There can’t be a more random selection of textures than stone, wool, water, grass and brass; however, there is a link! And it is at the heart of this beautiful area I live in called the Cotswolds.
The Cotswold land is ideal for sheep grazing and in medieval times the Abbeys and Monasteries kept huge flocks of the native breed, which was, and still is, known as the Cotswold Lion, because it has a long shaggy mane over its eyes. These are stocky animals that breed well and grow quickly. Their wool is so long, fine, white and soft that it was known as the ‘golden fleece’ ~ because of the wealth it created, not the colour.
From the earliest times the wool itself was traded, but by the middle ages whole cottage industries grew up to process the wool into cloth. The clothier and his family prepared the raw wool then gave it to his neighbours to be spun by the women and children. It was then woven by men in their homes. The weavers’ cottages had long, low windows in order to give maximum light to the looms.
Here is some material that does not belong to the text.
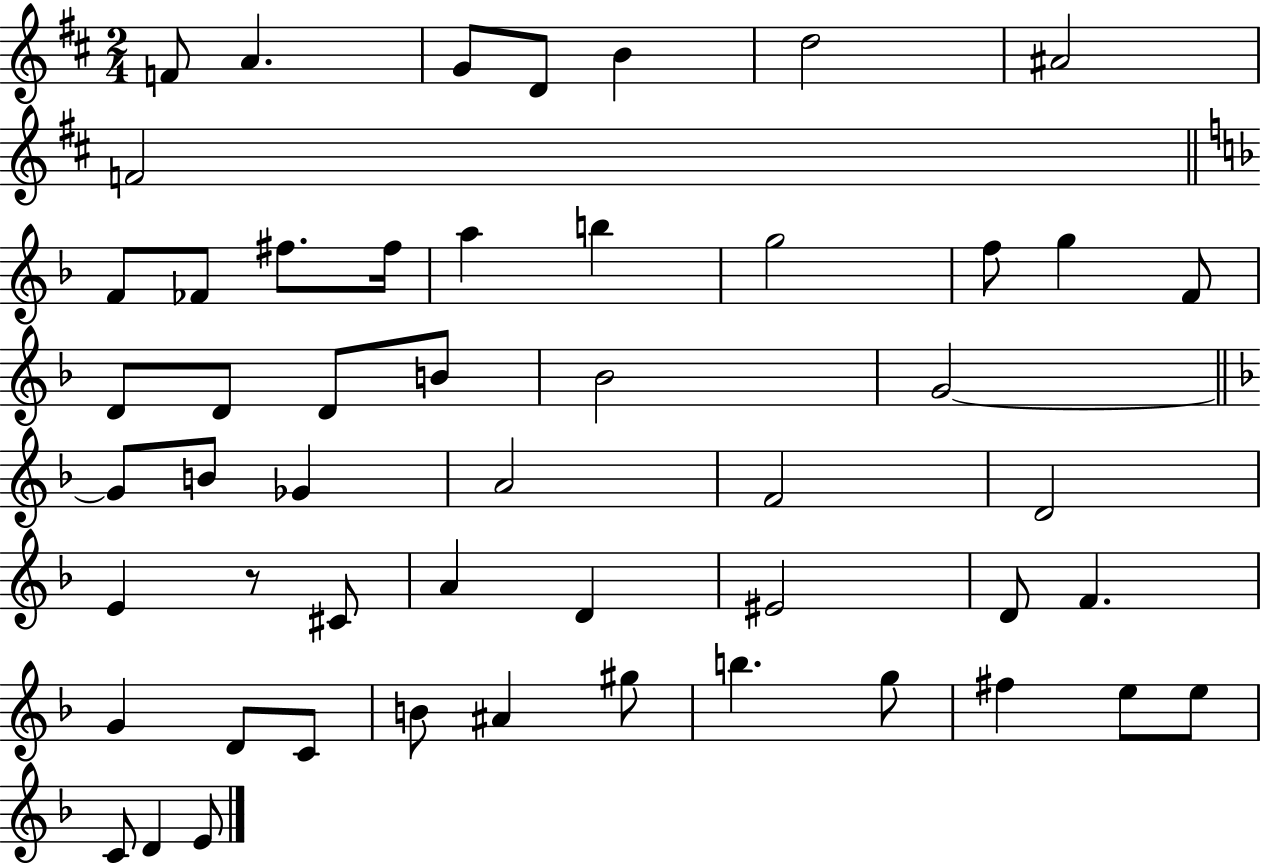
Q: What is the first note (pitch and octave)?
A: F4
After processing the cloth was extremely dense and almost waterproof due to the nap, which was ideal for the military, huntsmen and landowners.
The merchants who traded in this fine cloth became extremely wealthy. They used their wealth to build wonderful houses out of the local Cotswold stone and to build and furnish exquisite churches in the market towns and villages, with stained glass, stone carvings and brasses.
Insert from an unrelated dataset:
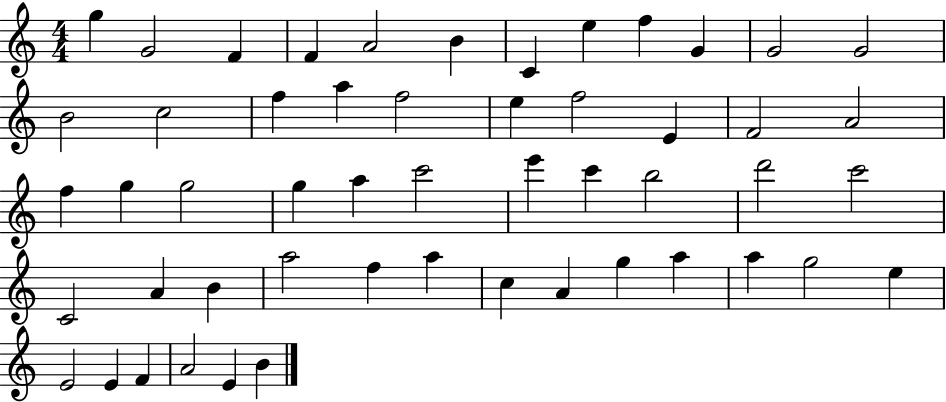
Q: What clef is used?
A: treble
Yes, the rolling fields, honey coloured stone cottages, ancient mills and beautiful churches that make up our landscape are all here because of sheep. The names of the villages such as Sheepscombe reflect the trade, and even our pubs and inns like the Fleece or the Ram are reminiscent of the wool trade.
I visited the church of St. Peter and St. Paul at Northleach today. It is one of the largest and finest wool churches in England. There are some fascinating brasses in this church with images of the merchants with sacks of wool or sheep as their footrest. They date back to the 1400s. One or two of the brasses were particularly interesting as they showed that women could be wealthy merchants too. And, one particularly striking couple had their 15 children shown on the brass!
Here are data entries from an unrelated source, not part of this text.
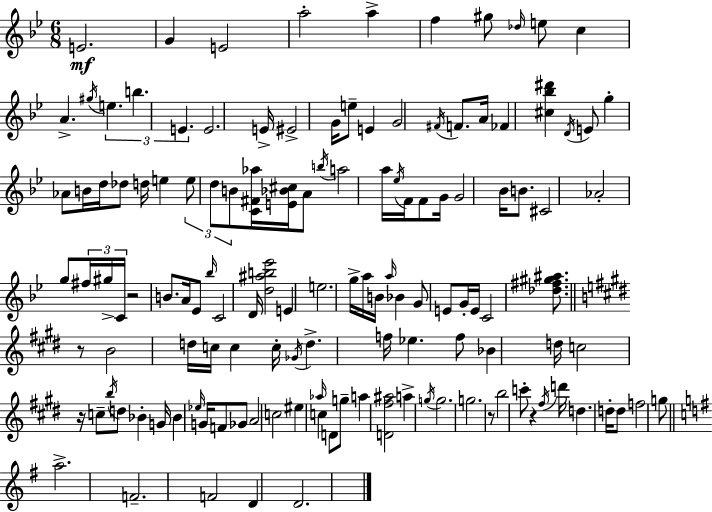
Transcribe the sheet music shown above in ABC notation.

X:1
T:Untitled
M:6/8
L:1/4
K:Gm
E2 G E2 a2 a f ^g/2 _d/4 e/2 c A ^g/4 e b E E2 E/4 ^E2 G/4 e/2 E G2 ^F/4 F/2 A/4 _F [^c_b^d'] D/4 E/2 g _A/2 B/4 d/4 _d/2 d/4 e e/2 d/2 B/2 [C^F_a]/4 [E_B^c]/4 A/2 b/4 a2 a/4 _e/4 F/4 F/2 G/4 G2 _B/4 B/2 ^C2 _A2 g/2 ^f/4 ^g/4 C/4 z2 B/2 A/4 _E/2 _b/4 C2 D/4 [d^ab_e']2 E e2 g/4 a/4 B/4 a/4 _B G/2 E/2 G/4 E/4 C2 [_d^f^g^a]/2 z/2 B2 d/4 c/4 c c/4 _G/4 d f/4 _e f/2 _B d/4 c2 z/4 c/2 b/4 d/2 _B G/4 _B _e/4 G/4 F/2 _G/2 A2 c2 ^e _a/4 c D/2 g/2 a [D^f^a]2 a g/4 g2 g2 z/2 b2 c'/2 z ^f/4 d'/4 d d/4 d/2 f2 g/2 a2 F2 F2 D D2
By the 16th century the industry was moving away from the small towns and villages to be nearer to the Stroud valley where the fast-flowing streams supplied the power to drive the fulling mills. In its heyday, there were around 200 mills in the Stroud valley and many of them are still standing today. They are converted for other industrial uses now or renovated into rather swish apartments.
I learned some fascinating facts today. Who knew that subsequent to the ‘Burial in Wool acts of 1667 and 1668’, all bodies had to be buried in wool unless they died of plague. This law was only repealed in 1814. It stated that,
“No corps should be buried in anything other than what is made of sheep’s wool only; or put into any coffin lined or faced with any material but sheep’s wool, on pain of forfeiture of £5.”
The old saying – “You can’t pull the wool over my eyes”, came from being buried in a shroud of wool, and meant that “I am not dead!”
You may know that there is a large wool-stuffed cushion or seat covered in red cloth in the House of Lords. This is called the Woolsack and is where the Lord Speaker sits during Parliamentary proceedings with the Mace on the woolsack behind him. It was introduced by King Edward III (1327-77) and originally stuffed with English wool as a reminder of England’s traditional source of wealth – the wool trade. There is also a larger woolsack where senior Judges sit during the State Opening of Parliament.
Here are some photos from Northleach where wealthy cloth merchant John Fortey paid for the church renovations
Here are some photos from Bibury where wool was treated on Rack isle
And lastly some photos from Nailsworth where the Fulling Mills refined the texture of the cloth.
And lastly, to the pub, The Fleece at Bretforton!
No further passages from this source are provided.